◆ What needs to be done: After finding the line with "机器人布里茨作者死了嘛" in the entries below, retype exactly each line from there through the line with "Light on the", including that final line.

◆ Records for this exercise:
/---

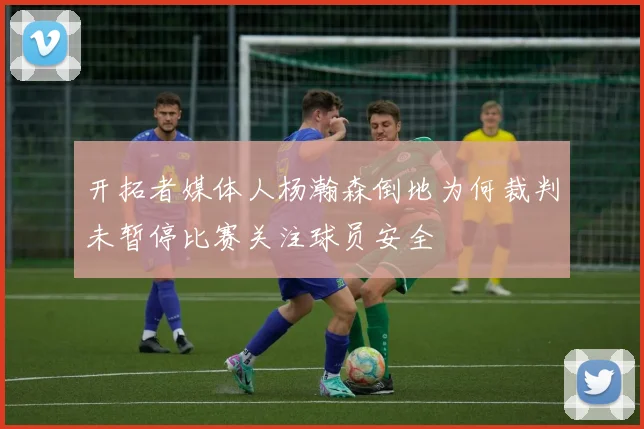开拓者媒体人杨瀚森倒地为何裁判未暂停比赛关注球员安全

\---
/---

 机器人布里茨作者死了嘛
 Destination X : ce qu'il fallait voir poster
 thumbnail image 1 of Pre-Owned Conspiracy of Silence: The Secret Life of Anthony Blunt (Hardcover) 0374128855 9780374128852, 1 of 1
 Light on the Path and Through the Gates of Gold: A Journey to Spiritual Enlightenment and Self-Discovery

\---

◆ Result below:
 机器人布里茨作者死了嘛
 Destination X : ce qu'il fallait voir poster
 thumbnail image 1 of Pre-Owned Conspiracy of Silence: The Secret Life of Anthony Blunt (Hardcover) 0374128855 9780374128852, 1 of 1
 Light on the Path and Through the Gates of Gold: A Journey to Spiritual Enlightenment and Self-Discovery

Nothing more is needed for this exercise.